Activity
Nothing but the lines from the one with "Lamborghini Reventon photo 9" through the end of the material should be retyped, word for word and without pictures.

Source material

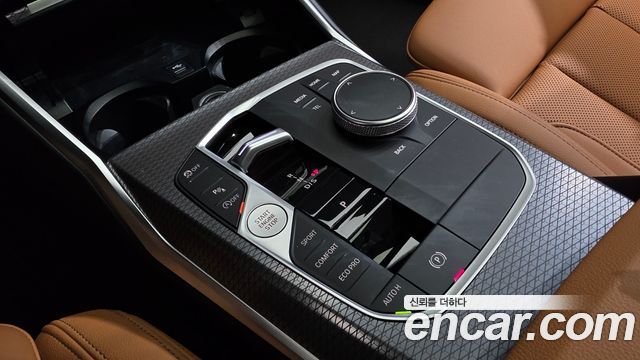 BMW 3-Series 2025 — photo 9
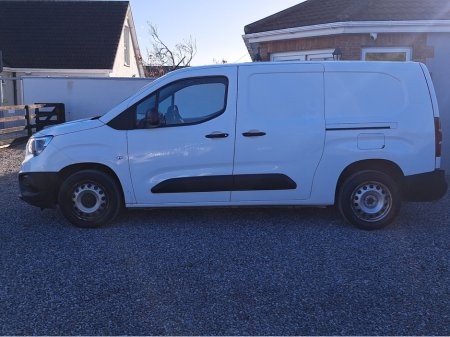 2019 Vauxhall Combo Van Edition Model 2300 1.5 Diesel with 3 seats in front and double side loading doors.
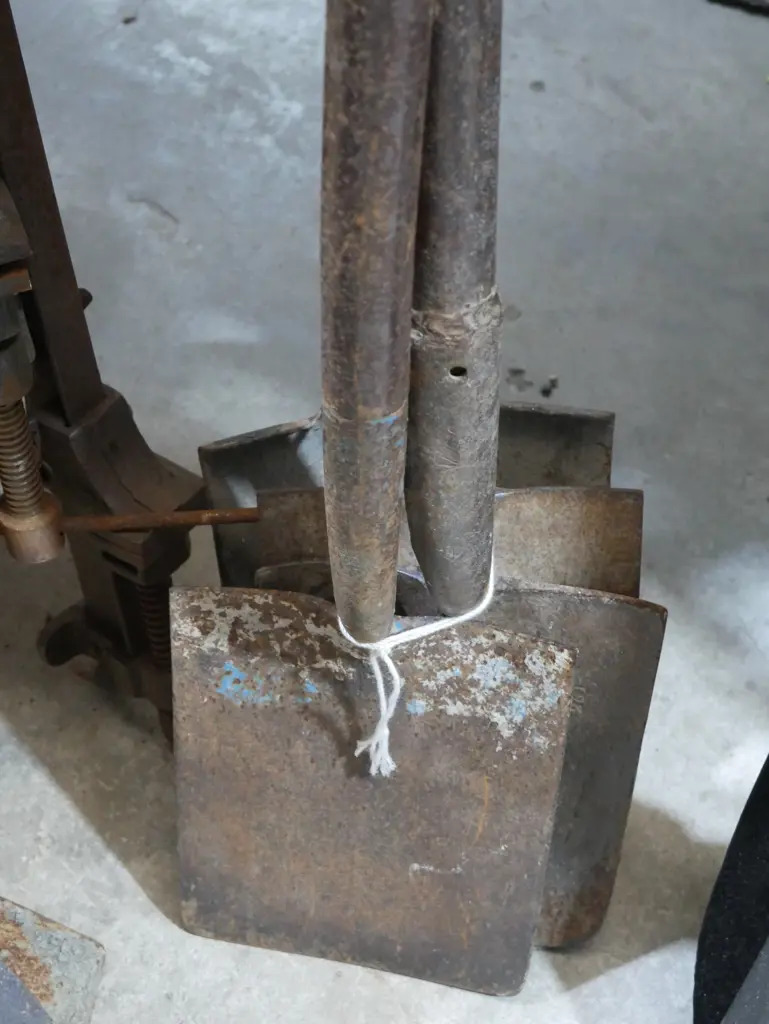 4 shovels Image 1++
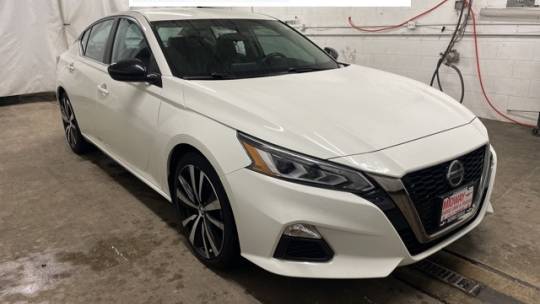 2020 Nissan Altima SR — Sedan — 88,472 mi — Chicago, IL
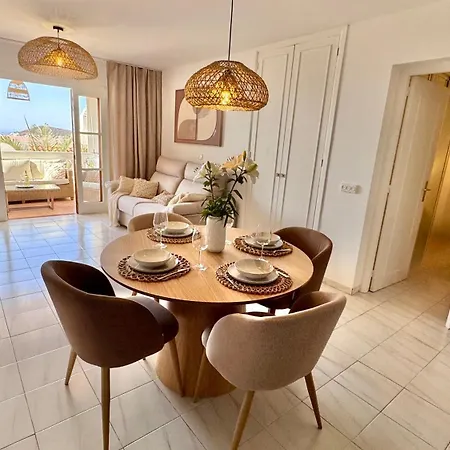 Casa Blanca Port Royale - Heated Pool, Ocean View, Fibre Net
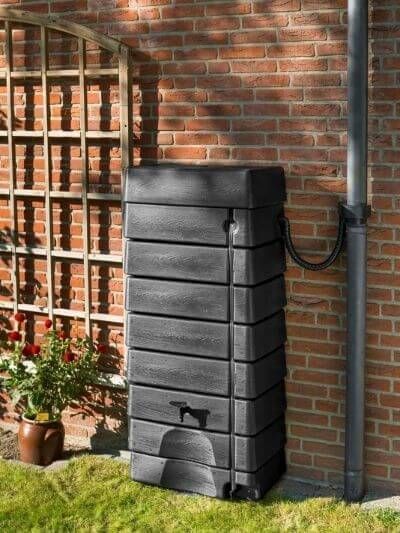 A wall tank for collecting rain water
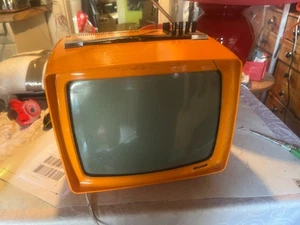 1970er Zanussi Fernseher, tragbar, orange,  TV space Age  230V und 12V Germany - Bild 1 von 5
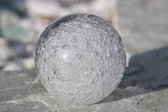 Glazen urn. Asbestemming. "Stardust" Bol niet transparant. Afmeting 10 cm.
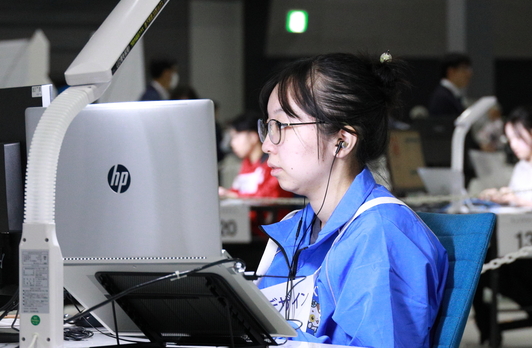 【銀賞】ウェブデザイン 小玉　璃胡 選手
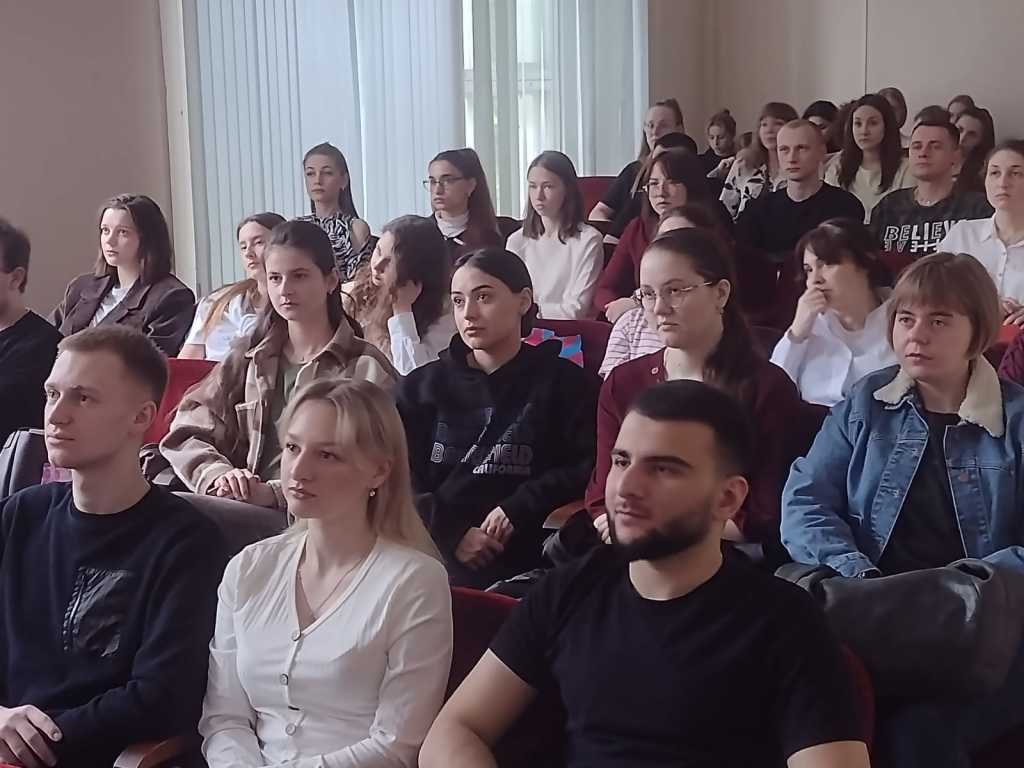 Обучающиеся Ивановского государственного медицинского университета приняли участие в лекции Минздрава России по паллиативной помощи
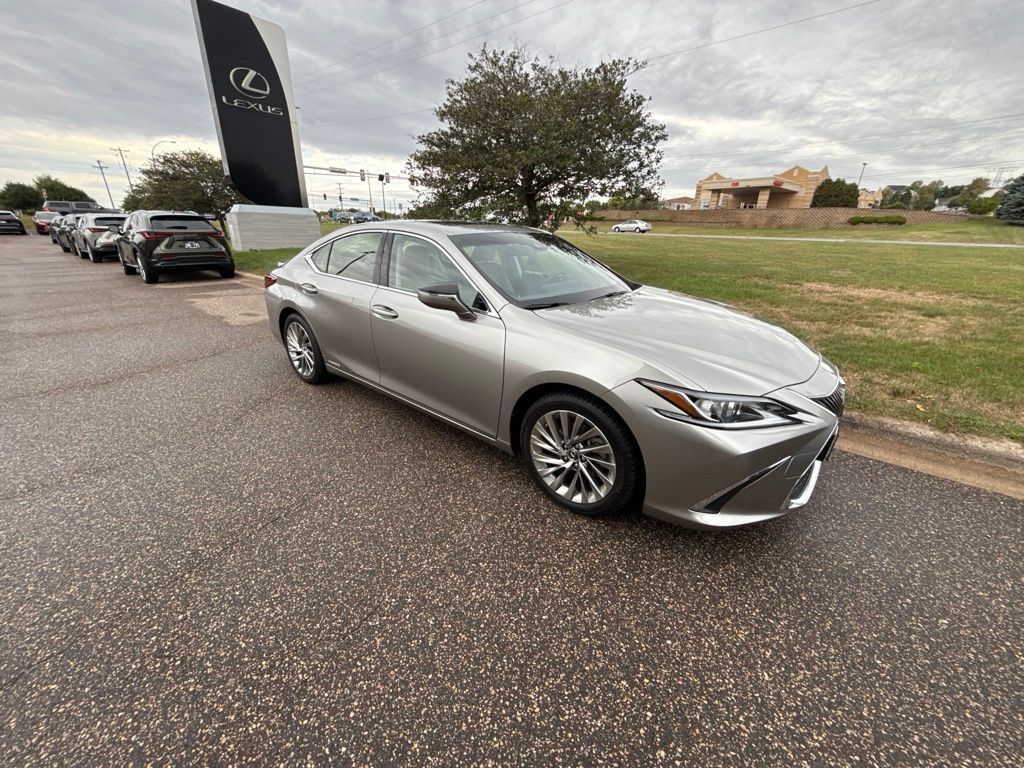 Used 2019 Lexus ES 300h FWD image 28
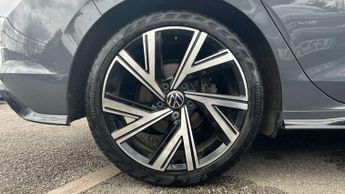 Volkswagen Golf 2.0 TDI 150 R-Line 5dr DSG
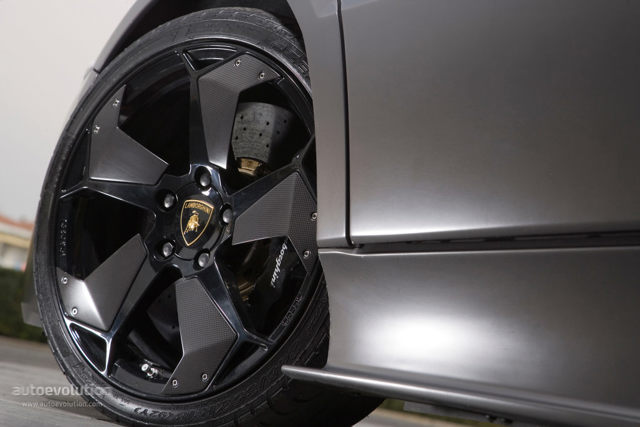 Lamborghini Reventon photo 9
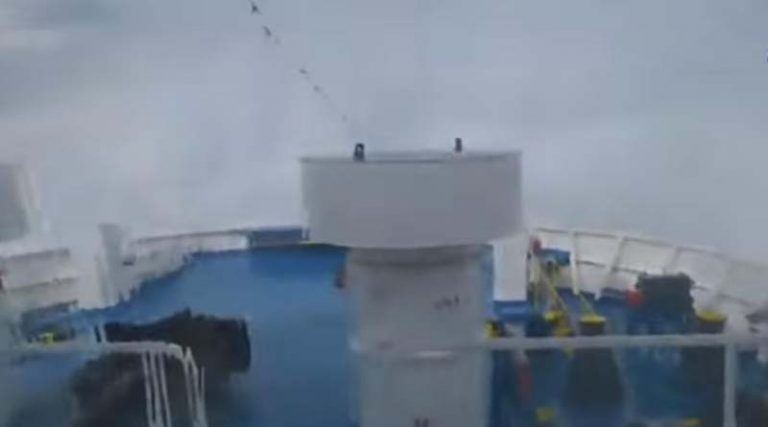 Συγκλονιστικό βίντεο:Τα κύματα «καταπίνουν» το Fast Ferries Andros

Solution for this exercise
 Lamborghini Reventon photo 9
 Συγκλονιστικό βίντεο:Τα κύματα «καταπίνουν» το Fast Ferries Andros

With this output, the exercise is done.